Among other things which Craig had brought down from the laboratory was a package which he had not yet unwrapped. He placed it near the window, still wrapped. It was quite large, and must have weighed fifteen or twenty pounds. That done, he produced a tape-measure and began, as if he were a surveyor to measure various distances and apparently to calculate the angles and distances from the window-sill of the Spencer house to the skylight, which was the exact centre of the museum. The straight distance, if I recall correctly, was in the neighborhood of four hundred feet.

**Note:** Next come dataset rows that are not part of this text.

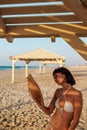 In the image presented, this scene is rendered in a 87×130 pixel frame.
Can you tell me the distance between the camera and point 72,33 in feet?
13.5

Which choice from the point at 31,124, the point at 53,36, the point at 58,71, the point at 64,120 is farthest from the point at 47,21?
the point at 31,124

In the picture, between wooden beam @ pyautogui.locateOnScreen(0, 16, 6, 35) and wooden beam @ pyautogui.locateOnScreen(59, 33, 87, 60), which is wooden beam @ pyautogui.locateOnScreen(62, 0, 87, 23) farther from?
wooden beam @ pyautogui.locateOnScreen(0, 16, 6, 35)

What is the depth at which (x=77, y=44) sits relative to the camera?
3.99 metres

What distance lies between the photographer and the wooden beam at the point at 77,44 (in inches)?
155

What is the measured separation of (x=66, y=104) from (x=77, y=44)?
134cm

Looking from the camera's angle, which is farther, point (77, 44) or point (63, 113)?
point (77, 44)

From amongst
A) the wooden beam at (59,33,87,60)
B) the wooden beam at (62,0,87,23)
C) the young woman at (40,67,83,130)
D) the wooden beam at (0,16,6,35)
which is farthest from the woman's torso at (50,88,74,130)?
the wooden beam at (0,16,6,35)

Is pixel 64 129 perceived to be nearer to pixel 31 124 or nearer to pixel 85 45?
pixel 85 45

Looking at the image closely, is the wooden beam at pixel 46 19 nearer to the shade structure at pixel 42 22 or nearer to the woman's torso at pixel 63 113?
the shade structure at pixel 42 22

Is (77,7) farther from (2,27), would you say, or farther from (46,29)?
(2,27)

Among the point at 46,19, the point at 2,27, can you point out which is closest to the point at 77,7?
the point at 46,19

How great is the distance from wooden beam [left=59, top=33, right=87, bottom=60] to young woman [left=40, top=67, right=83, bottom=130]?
3.56ft

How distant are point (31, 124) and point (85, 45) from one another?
140 inches

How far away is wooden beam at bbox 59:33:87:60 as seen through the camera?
12.9 ft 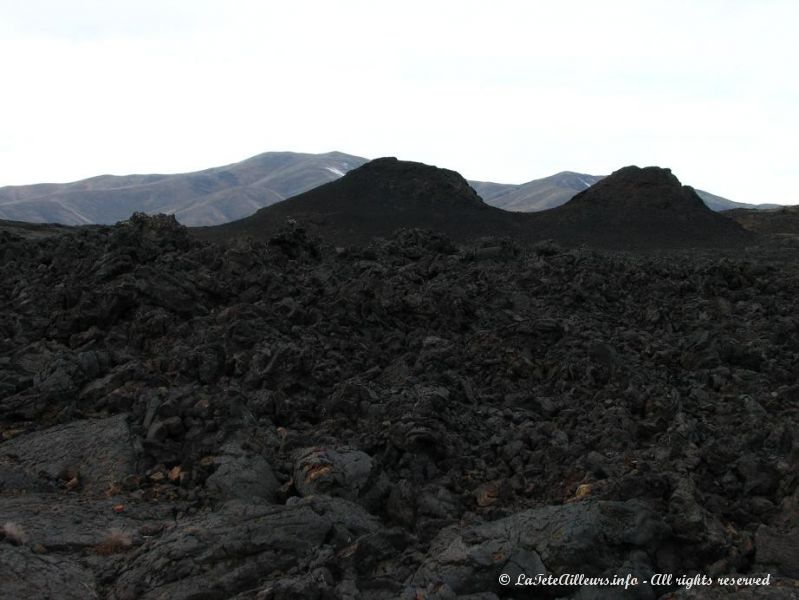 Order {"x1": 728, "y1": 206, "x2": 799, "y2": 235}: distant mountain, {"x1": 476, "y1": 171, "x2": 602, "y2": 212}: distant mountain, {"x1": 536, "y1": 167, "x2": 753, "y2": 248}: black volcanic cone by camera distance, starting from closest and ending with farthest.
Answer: {"x1": 536, "y1": 167, "x2": 753, "y2": 248}: black volcanic cone, {"x1": 728, "y1": 206, "x2": 799, "y2": 235}: distant mountain, {"x1": 476, "y1": 171, "x2": 602, "y2": 212}: distant mountain

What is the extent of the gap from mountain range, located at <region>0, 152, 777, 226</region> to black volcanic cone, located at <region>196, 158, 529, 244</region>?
77.6 meters

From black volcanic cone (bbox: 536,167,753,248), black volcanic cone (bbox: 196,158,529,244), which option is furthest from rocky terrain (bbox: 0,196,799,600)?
black volcanic cone (bbox: 196,158,529,244)

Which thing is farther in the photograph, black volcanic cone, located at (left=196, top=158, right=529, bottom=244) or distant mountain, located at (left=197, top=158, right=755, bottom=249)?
black volcanic cone, located at (left=196, top=158, right=529, bottom=244)

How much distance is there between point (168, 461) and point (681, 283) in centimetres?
1083

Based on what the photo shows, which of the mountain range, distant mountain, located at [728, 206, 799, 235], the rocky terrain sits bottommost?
the rocky terrain

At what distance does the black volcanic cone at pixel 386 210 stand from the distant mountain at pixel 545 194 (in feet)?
261

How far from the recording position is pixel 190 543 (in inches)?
218

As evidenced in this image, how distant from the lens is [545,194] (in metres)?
135

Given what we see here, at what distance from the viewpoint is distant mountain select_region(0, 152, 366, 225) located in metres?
122

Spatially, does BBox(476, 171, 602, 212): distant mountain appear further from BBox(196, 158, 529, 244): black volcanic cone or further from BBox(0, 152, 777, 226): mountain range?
BBox(196, 158, 529, 244): black volcanic cone

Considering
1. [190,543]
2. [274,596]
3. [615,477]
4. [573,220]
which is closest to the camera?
[274,596]

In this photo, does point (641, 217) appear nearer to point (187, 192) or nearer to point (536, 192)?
point (536, 192)

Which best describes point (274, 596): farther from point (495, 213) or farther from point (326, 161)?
point (326, 161)

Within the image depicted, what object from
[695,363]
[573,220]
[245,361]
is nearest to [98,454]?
[245,361]
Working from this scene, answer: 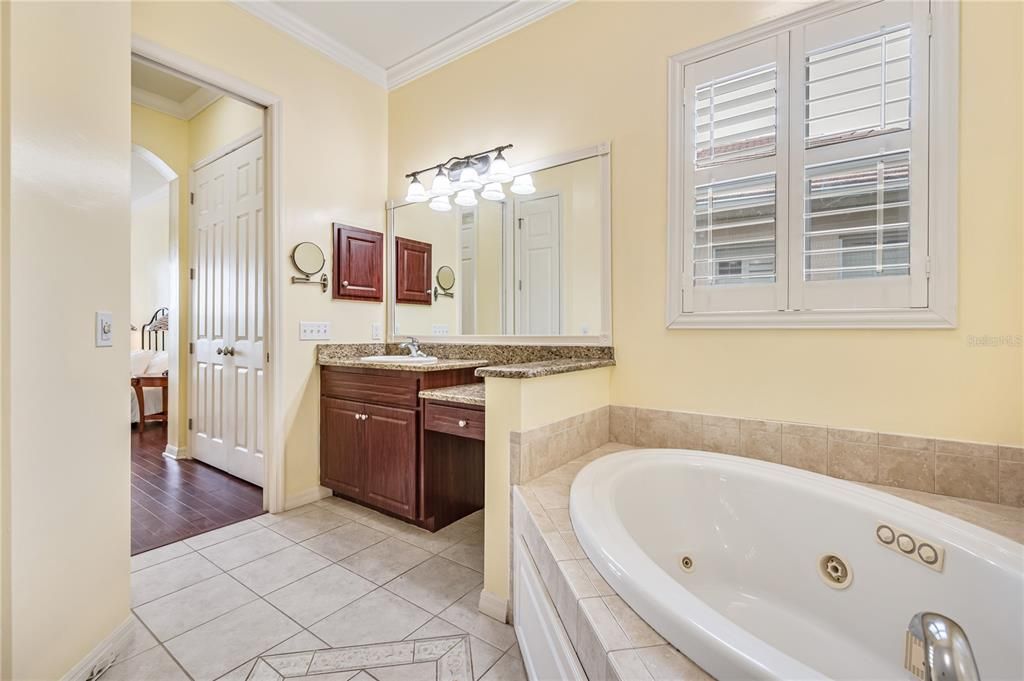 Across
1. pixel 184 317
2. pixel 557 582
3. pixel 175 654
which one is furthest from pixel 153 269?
pixel 557 582

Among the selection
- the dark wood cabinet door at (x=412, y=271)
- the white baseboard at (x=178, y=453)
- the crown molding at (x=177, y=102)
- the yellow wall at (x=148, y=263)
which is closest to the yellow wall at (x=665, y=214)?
the dark wood cabinet door at (x=412, y=271)

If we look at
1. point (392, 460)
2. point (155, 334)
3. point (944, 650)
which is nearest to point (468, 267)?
point (392, 460)

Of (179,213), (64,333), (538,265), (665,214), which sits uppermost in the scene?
(179,213)

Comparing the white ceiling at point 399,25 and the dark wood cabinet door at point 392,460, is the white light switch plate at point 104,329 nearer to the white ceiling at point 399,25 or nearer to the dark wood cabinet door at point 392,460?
the dark wood cabinet door at point 392,460

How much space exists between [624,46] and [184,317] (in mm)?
3573

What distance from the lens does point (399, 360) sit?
262 centimetres

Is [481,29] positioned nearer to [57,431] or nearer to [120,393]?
[120,393]

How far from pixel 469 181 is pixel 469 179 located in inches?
0.7

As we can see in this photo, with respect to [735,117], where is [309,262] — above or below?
below

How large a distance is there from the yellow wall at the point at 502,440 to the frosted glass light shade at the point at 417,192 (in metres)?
1.60

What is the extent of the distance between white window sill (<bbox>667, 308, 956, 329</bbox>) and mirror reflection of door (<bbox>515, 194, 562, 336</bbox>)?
62cm

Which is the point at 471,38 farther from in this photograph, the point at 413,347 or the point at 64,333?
the point at 64,333

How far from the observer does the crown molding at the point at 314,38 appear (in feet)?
7.94

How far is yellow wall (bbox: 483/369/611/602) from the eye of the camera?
1.62 m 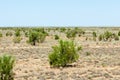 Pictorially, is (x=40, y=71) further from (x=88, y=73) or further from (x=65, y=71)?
(x=88, y=73)

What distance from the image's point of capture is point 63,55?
2152 centimetres

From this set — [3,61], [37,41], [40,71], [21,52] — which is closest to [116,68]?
[40,71]

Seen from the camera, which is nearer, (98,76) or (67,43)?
(98,76)

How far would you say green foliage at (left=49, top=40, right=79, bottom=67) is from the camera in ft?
69.0

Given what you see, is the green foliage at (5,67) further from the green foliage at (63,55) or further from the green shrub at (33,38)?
the green shrub at (33,38)

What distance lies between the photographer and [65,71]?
19.1 m

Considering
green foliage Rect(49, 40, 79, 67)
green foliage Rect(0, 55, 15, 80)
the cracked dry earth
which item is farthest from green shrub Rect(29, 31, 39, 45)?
green foliage Rect(0, 55, 15, 80)

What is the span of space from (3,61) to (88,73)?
15.1ft

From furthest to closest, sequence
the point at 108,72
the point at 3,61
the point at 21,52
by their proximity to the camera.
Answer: the point at 21,52 < the point at 108,72 < the point at 3,61

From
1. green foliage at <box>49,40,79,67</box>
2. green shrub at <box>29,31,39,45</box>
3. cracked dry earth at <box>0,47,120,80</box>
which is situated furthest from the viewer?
green shrub at <box>29,31,39,45</box>

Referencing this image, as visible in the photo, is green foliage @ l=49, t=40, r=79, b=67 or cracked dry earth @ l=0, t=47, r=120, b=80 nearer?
cracked dry earth @ l=0, t=47, r=120, b=80

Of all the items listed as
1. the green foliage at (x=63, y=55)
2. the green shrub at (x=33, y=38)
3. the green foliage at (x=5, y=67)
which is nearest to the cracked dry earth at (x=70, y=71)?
the green foliage at (x=63, y=55)

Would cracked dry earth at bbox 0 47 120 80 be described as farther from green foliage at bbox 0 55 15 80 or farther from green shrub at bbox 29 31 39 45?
green shrub at bbox 29 31 39 45

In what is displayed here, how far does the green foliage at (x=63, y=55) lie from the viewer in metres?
21.0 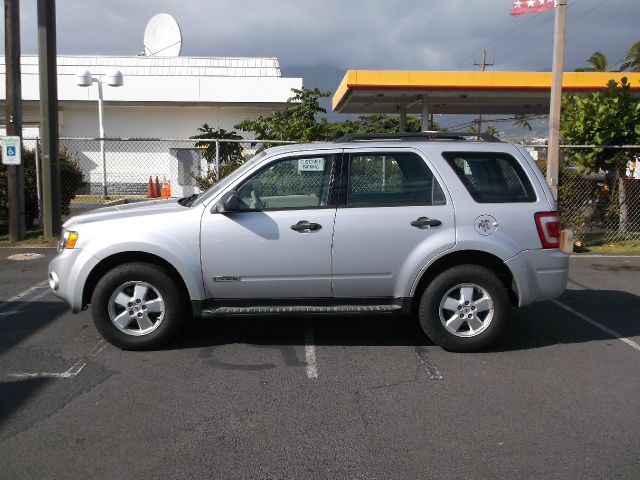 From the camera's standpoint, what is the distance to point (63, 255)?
17.9ft

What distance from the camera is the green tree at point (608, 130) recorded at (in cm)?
1200

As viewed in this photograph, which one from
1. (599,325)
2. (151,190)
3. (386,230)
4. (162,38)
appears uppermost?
(162,38)

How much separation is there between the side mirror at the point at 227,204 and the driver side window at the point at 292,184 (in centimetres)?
17

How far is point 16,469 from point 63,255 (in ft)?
7.87

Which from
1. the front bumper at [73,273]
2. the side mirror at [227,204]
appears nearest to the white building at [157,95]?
the front bumper at [73,273]

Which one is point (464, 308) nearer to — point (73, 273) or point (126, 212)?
point (126, 212)

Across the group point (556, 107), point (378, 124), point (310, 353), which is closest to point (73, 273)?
point (310, 353)

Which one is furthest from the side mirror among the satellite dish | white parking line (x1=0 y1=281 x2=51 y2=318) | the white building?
the satellite dish

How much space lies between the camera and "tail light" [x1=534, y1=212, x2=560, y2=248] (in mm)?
5438

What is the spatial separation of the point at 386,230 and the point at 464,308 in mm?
1020

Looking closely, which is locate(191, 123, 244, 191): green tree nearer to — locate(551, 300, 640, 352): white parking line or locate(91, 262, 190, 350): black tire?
locate(91, 262, 190, 350): black tire

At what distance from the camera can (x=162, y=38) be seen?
34.4m

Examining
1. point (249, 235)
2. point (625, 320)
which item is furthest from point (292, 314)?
point (625, 320)

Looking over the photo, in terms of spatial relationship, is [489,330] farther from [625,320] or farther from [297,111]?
[297,111] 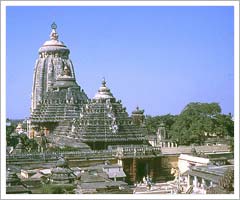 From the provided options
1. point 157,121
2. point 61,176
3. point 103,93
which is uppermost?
point 103,93

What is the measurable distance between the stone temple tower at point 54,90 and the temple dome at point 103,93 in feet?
6.60

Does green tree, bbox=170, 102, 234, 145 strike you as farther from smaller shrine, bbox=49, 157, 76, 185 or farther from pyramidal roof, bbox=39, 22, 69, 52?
smaller shrine, bbox=49, 157, 76, 185

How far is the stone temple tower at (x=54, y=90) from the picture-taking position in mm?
20297

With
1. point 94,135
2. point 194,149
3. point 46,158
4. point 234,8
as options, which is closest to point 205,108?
point 194,149

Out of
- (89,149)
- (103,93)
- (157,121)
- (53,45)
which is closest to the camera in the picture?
(89,149)

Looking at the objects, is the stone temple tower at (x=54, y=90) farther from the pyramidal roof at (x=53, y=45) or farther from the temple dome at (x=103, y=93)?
the temple dome at (x=103, y=93)

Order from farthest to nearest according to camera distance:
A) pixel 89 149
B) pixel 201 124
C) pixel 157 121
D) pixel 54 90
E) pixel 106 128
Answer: pixel 157 121
pixel 54 90
pixel 201 124
pixel 106 128
pixel 89 149

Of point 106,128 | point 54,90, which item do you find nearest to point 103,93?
point 106,128

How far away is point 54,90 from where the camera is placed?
2186cm

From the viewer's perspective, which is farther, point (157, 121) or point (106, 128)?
point (157, 121)

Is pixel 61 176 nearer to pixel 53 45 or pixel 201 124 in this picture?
pixel 201 124

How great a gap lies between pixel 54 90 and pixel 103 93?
4519mm

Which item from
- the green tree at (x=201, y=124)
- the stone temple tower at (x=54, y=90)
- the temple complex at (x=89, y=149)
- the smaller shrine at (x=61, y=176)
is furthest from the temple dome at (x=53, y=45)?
the smaller shrine at (x=61, y=176)

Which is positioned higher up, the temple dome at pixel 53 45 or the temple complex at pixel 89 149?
the temple dome at pixel 53 45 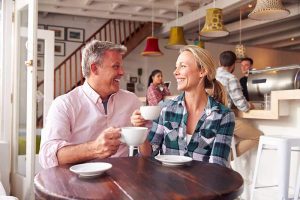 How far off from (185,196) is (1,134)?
11.6 ft

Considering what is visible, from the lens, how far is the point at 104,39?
9.30 meters

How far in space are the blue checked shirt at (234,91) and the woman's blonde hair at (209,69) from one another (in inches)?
57.2

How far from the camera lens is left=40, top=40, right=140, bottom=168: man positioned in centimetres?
173

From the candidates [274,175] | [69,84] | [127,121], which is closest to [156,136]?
[127,121]

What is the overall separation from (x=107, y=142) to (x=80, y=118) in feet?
1.94

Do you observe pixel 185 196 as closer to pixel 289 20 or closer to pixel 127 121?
pixel 127 121

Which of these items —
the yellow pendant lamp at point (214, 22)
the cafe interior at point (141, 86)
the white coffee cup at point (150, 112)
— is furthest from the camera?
the yellow pendant lamp at point (214, 22)

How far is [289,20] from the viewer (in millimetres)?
8266

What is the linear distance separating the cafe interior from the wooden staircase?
28 mm

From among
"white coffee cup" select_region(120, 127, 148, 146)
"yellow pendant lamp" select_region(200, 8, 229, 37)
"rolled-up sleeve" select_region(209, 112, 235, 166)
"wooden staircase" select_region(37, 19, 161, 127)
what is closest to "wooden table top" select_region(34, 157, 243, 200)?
"white coffee cup" select_region(120, 127, 148, 146)

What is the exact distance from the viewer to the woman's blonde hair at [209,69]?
1.96 metres

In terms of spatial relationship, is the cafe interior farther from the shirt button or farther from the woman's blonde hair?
the woman's blonde hair

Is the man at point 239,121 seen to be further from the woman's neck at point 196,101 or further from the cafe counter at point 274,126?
the woman's neck at point 196,101

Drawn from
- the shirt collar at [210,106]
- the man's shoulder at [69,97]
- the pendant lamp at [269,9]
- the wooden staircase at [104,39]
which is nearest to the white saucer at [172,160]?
the shirt collar at [210,106] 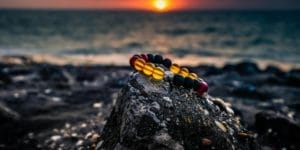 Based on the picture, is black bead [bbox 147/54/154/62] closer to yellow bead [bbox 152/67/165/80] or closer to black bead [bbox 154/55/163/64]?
black bead [bbox 154/55/163/64]

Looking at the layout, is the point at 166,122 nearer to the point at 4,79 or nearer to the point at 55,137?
the point at 55,137

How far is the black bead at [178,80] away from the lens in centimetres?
555

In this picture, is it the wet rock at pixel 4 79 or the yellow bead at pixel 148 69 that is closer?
the yellow bead at pixel 148 69

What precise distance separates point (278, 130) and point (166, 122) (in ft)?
15.7

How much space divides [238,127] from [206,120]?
70 centimetres

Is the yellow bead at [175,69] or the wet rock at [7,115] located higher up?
the wet rock at [7,115]

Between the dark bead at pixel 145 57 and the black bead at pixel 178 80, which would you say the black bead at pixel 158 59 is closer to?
the dark bead at pixel 145 57

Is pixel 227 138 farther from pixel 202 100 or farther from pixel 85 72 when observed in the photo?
pixel 85 72

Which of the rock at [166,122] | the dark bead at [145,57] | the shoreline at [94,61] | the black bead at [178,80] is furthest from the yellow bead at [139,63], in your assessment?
the shoreline at [94,61]

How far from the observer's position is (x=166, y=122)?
4.96 meters

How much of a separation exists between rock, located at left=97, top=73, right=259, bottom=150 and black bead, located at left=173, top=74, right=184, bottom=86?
83 mm

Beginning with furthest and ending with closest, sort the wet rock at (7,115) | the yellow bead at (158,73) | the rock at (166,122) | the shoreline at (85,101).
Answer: the wet rock at (7,115)
the shoreline at (85,101)
the yellow bead at (158,73)
the rock at (166,122)

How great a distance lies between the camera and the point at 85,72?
17.5m

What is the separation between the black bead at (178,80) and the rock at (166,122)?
0.08 m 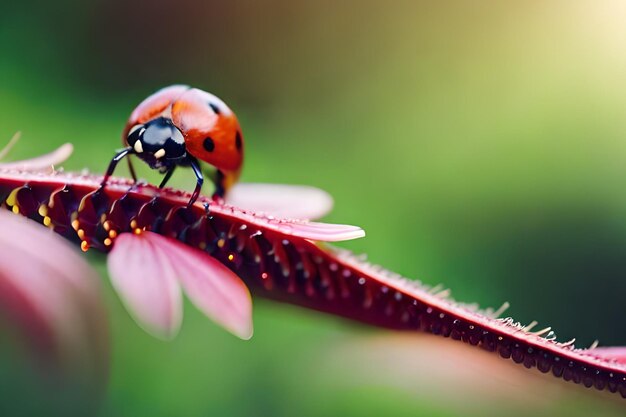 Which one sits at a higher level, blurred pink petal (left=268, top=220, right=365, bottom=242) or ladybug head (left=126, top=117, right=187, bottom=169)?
ladybug head (left=126, top=117, right=187, bottom=169)

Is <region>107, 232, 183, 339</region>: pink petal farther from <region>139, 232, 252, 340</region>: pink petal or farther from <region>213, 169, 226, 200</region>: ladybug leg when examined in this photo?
<region>213, 169, 226, 200</region>: ladybug leg

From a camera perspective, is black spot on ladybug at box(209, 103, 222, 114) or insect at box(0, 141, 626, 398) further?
black spot on ladybug at box(209, 103, 222, 114)

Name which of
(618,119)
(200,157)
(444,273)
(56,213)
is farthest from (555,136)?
(56,213)

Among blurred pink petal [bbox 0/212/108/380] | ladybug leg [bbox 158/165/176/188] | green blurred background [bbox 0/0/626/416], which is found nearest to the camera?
blurred pink petal [bbox 0/212/108/380]

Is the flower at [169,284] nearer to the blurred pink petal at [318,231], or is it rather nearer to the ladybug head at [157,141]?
the blurred pink petal at [318,231]

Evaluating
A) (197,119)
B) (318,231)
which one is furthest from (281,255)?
(197,119)

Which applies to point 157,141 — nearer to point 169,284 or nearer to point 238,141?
point 238,141

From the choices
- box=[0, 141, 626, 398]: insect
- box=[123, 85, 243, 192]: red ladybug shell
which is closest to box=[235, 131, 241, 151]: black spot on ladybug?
box=[123, 85, 243, 192]: red ladybug shell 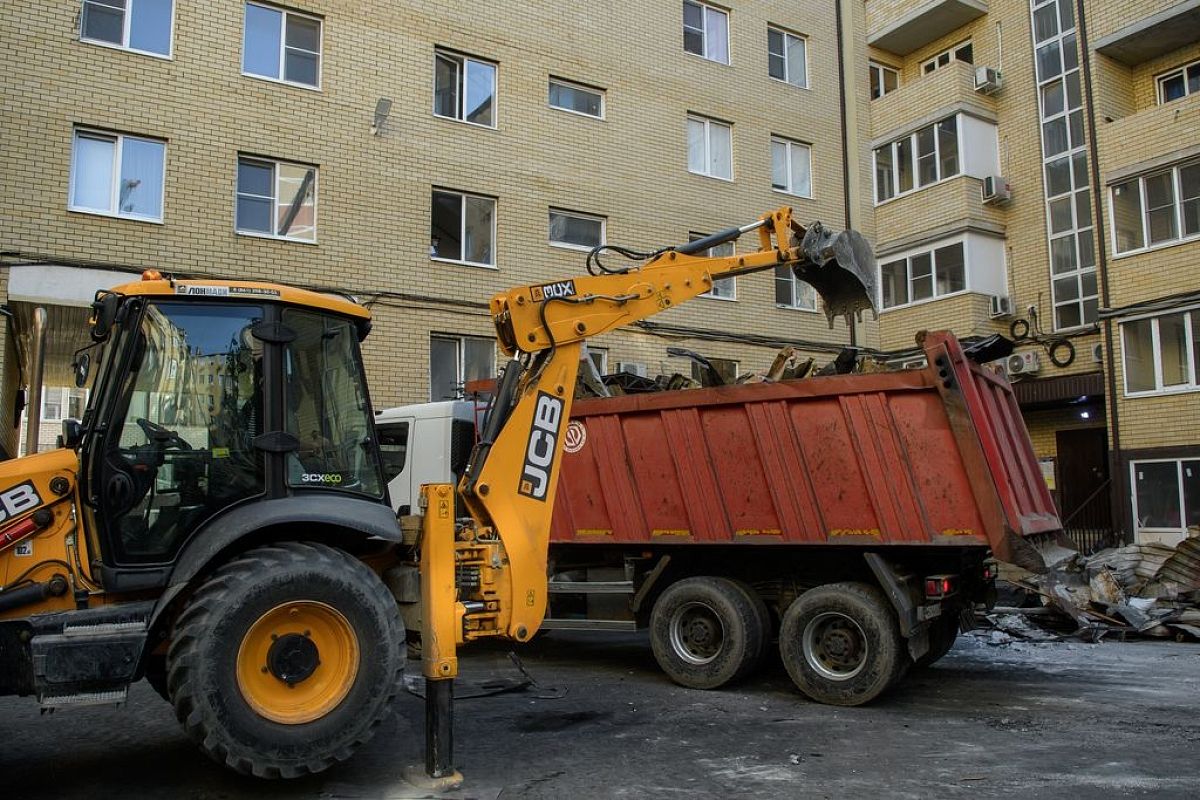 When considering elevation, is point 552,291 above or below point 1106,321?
below

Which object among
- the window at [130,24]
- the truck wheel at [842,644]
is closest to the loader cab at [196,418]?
the truck wheel at [842,644]

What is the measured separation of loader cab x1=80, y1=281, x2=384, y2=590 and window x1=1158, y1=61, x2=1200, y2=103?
19.3 meters

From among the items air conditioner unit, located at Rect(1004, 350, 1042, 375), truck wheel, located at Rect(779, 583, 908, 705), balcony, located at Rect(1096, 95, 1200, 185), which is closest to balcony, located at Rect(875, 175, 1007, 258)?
air conditioner unit, located at Rect(1004, 350, 1042, 375)

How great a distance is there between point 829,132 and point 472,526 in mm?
17800

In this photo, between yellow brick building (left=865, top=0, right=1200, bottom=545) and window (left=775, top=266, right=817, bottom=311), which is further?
window (left=775, top=266, right=817, bottom=311)

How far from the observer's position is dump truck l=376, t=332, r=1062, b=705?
709 centimetres

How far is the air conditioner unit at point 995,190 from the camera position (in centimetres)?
2094

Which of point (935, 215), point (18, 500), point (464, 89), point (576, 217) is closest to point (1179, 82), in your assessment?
point (935, 215)

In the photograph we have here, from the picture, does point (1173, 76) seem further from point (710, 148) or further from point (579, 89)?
point (579, 89)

These preparations completed, there was nothing left to do but to wait for something to happen. Spencer had declined to get alarmed about our fears for his own safety, and only with difficulty had we been able to dissuade him from moving heaven and earth to find Miss White, a proceeding which must certainly have disarranged Kennedy's carefully laid plans. So interested was he that he postponed one of the most important business conferences of the year, growing out of the anti-trust suits, in order to be present with Dr. Lith and ourselves in the little upper back room.
It was quite late when Kennedy completed his hasty arrangements, yet as the night advanced we grew more and more impatient for something to happen. Craig was apparently even more anxious than he had been the night before, when we watched in the art-gallery itself. Spencer was nervously smoking, lighting one cigar furiously from another until the air was almost blue.